Policies on – Privacy, Artificial Intelligence (AI), and sustainable technologies are slowly gaining consensus among nations. The G20 Framework endorsed the Digital Public Infrastructure Systems and India’s plan on the Global Digital Public Infrastructure Repository. New Delhi and Washington have also agreed to collaborate in high-technology areas. In 2022, India’s Prime Minister Narendra Modi and U.S. President Joe Biden launched –The Initiative on Critical and Emerging Technologies (iCET), towards cooperation in critical and emerging technologies. India has also stated the intention to build its sovereign AI infrastructure. India’s cyber landscape is beset with disputes but the government’s engagement with the UN Group of Governmental Experts (UNGCE)is a progressive step. India’s invitation to technical experts from G7 countries is another notable development.
With industry leaders pushing for greater leverage on AI applications, governments need to be cautious and countries must collaborate toward solutions.
The Way Forward
The viewpoint of the ‘Public Sphere’ was conceptualized very well by the German scholar Jurgen Habermas. At one point in history, the media’s role was vital in defining the nature of the public sphere which was distinct from the state and the market. The role of media in public opinion was a point of reference that scholars probed deeply. In this age, digital uncertainty looms large, where governments and corporations cope with challenges.
The advancement of Artificial General Intelligence (AGI) and widening income inequality, would impact markets and jobs across the world. With industry leaders pushing for greater leverage on AI applications, governments need to be cautious and countries must collaborate toward solutions. Threats, such as -Deep fakes, voice manipulation software, copyright infringement, privacy, and commercialization of data remain key challenges. Analysts also attribute Israel’s intelligence failure to the Israel-Hamas war (by an overreliance on AI) rather than human intelligence.

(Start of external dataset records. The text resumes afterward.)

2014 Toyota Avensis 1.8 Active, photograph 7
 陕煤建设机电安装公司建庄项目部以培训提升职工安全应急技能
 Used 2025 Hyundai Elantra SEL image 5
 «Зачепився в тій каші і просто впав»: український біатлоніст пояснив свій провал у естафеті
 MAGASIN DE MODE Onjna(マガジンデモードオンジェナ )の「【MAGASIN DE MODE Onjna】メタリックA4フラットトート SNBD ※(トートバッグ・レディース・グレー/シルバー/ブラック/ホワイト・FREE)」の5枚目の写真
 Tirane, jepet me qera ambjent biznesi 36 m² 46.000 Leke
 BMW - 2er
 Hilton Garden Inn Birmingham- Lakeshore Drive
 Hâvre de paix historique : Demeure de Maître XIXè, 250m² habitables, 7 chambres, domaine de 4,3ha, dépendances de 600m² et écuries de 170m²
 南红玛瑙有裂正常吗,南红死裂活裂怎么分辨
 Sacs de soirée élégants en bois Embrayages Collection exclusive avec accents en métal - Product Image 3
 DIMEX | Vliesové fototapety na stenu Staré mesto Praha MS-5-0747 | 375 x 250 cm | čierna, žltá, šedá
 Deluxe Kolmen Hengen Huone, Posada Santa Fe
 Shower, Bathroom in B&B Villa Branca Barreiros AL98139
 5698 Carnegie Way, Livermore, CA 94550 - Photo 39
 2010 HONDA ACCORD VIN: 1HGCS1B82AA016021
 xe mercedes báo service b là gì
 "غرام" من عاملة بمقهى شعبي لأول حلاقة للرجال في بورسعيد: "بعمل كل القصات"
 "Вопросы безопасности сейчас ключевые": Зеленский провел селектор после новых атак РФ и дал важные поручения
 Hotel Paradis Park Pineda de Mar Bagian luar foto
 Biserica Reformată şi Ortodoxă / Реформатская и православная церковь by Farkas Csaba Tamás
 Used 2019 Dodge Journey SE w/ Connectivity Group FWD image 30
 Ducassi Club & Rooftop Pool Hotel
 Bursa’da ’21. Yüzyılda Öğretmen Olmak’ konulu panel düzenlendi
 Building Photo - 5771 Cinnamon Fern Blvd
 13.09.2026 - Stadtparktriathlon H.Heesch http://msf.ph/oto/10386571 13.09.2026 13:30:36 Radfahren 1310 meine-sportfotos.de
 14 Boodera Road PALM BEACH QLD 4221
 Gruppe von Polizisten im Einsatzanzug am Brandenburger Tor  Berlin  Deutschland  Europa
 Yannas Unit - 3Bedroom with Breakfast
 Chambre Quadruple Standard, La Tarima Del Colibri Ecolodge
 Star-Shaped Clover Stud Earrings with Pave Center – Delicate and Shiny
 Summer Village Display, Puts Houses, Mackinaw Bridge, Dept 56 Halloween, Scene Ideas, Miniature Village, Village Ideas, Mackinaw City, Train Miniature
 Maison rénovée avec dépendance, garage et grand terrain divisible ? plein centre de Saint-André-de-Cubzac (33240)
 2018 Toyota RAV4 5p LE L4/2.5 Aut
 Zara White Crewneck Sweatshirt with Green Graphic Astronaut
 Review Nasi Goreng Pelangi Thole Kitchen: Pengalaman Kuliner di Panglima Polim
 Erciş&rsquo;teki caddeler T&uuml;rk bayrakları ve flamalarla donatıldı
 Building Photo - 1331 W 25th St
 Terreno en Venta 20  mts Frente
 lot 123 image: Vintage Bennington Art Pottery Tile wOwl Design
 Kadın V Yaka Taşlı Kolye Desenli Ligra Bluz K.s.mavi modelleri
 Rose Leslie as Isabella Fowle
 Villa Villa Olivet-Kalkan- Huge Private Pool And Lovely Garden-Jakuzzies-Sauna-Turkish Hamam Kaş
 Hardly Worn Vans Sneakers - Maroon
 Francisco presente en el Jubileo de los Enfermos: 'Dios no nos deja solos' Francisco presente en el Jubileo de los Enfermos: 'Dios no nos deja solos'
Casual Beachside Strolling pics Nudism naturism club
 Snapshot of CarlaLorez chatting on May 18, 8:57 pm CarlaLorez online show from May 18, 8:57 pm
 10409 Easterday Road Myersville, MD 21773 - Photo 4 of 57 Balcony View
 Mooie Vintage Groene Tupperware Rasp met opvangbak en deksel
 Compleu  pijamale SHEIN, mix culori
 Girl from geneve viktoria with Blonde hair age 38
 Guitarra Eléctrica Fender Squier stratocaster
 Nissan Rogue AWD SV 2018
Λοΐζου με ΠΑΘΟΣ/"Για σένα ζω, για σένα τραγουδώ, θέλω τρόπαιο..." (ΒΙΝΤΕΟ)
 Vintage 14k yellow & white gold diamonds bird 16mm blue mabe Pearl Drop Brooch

In policymaking, a multi-vectored approach is more viable than a command-and-control mechanism. India must leverage the G-7meetings (on multilateral and sovereign matters); the Brazil, Russia, India, China, and South Africa (BRICS)forum (on IT policies, food security, copyright, and broadcasting policies); the Association of Southeast Asian Nations (ASEAN) grouping (on national policies – tech-governance, semiconductors, and trade), and regional intergovernmental organizations like the South Asian Association for Regional Cooperation(SAARC)/ (on decentralized media policies, issue-based campaigns, media literacy, and E-governance initiatives). With the U.S. and China on two sides of the geopolitical spectrum, New Delhi must aim at a navigable pole (for strategic manoeuvrability) by relying on relevant, and trusted allies (especially, in matters of technology).
With the Digital Personal Data Protection legislation, New Delhi must also keep in mind India’s federal nature of governance and work towards consensus among states. There must be greater collaboration between the Ministry of External Affairs, the Ministry of Information and Broadcasting, and the Ministry of Electronics and Information Technology. In countries such as Australia and the U.K., when policymaking is separated from implementation, innovation makes great headway. Governments must commence funding for media research projects that play a critical role in strategic studies. This could help initiate Track-2 dialogues across key forums. As the major powers get involved in unresolved conflicts, India’s role in global affairs becomes all the more pertinent.